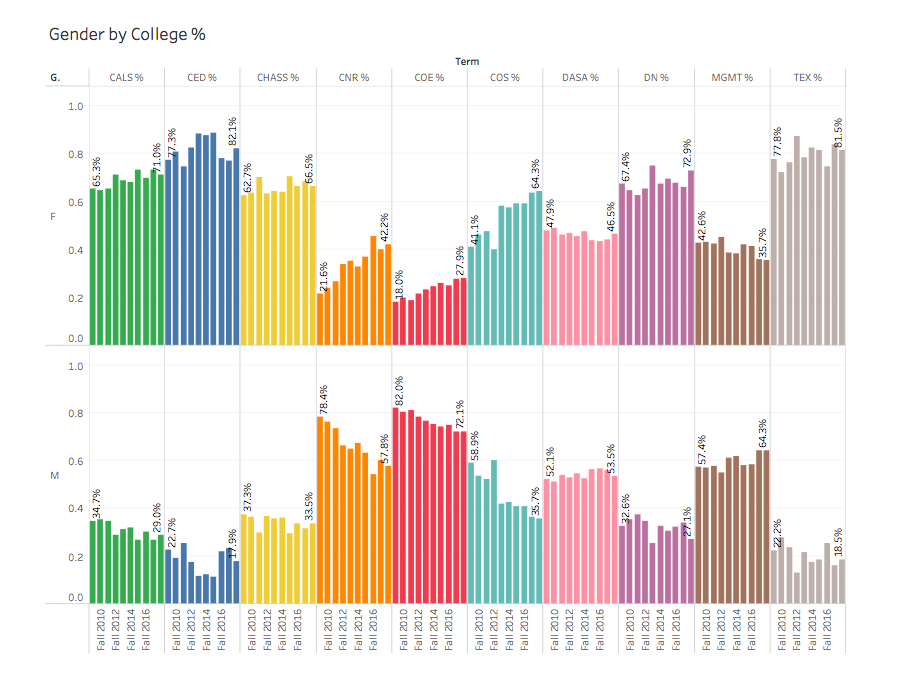 Graphs each display change in percentage of students who identify as male and female in each college at NC State over the course of 10 years.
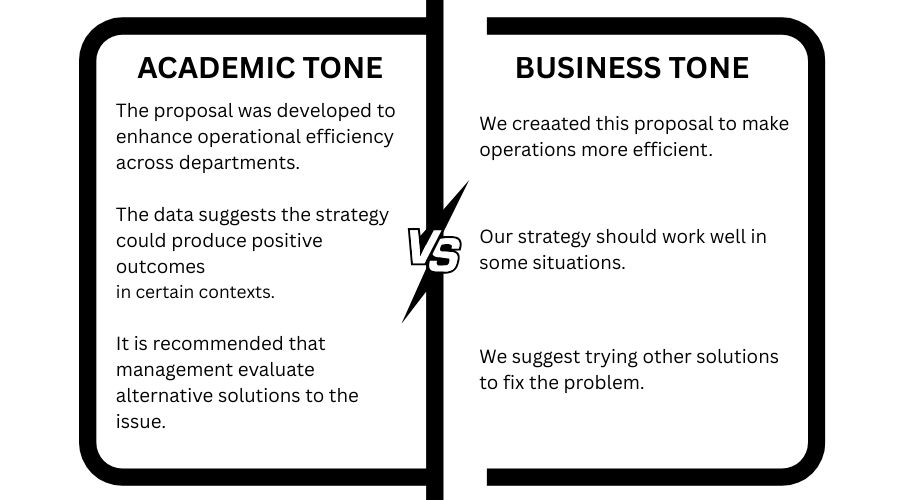 academic writing vs business writing tone comparison table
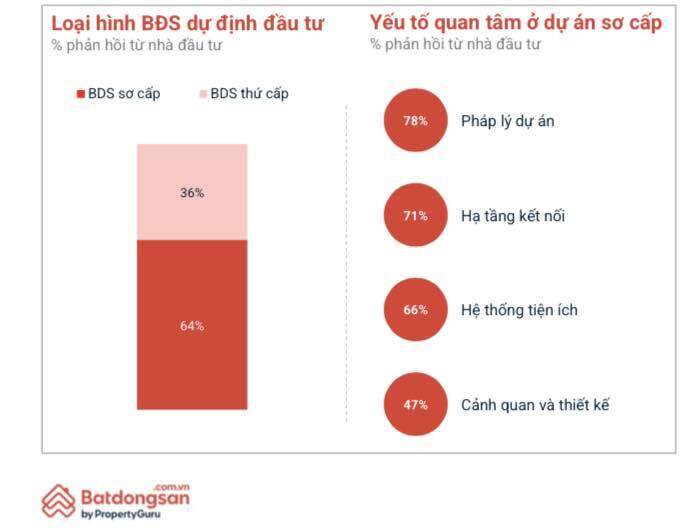 Cái giá của việc mua bất động sản sơ cấp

■ What is required
Print all of the data exactly, and do not carry over any pictures.

■ Response
 Graphs each display change in percentage of students who identify as male and female in each college at NC State over the course of 10 years.
 academic writing vs business writing tone comparison table
 Cái giá của việc mua bất động sản sơ cấp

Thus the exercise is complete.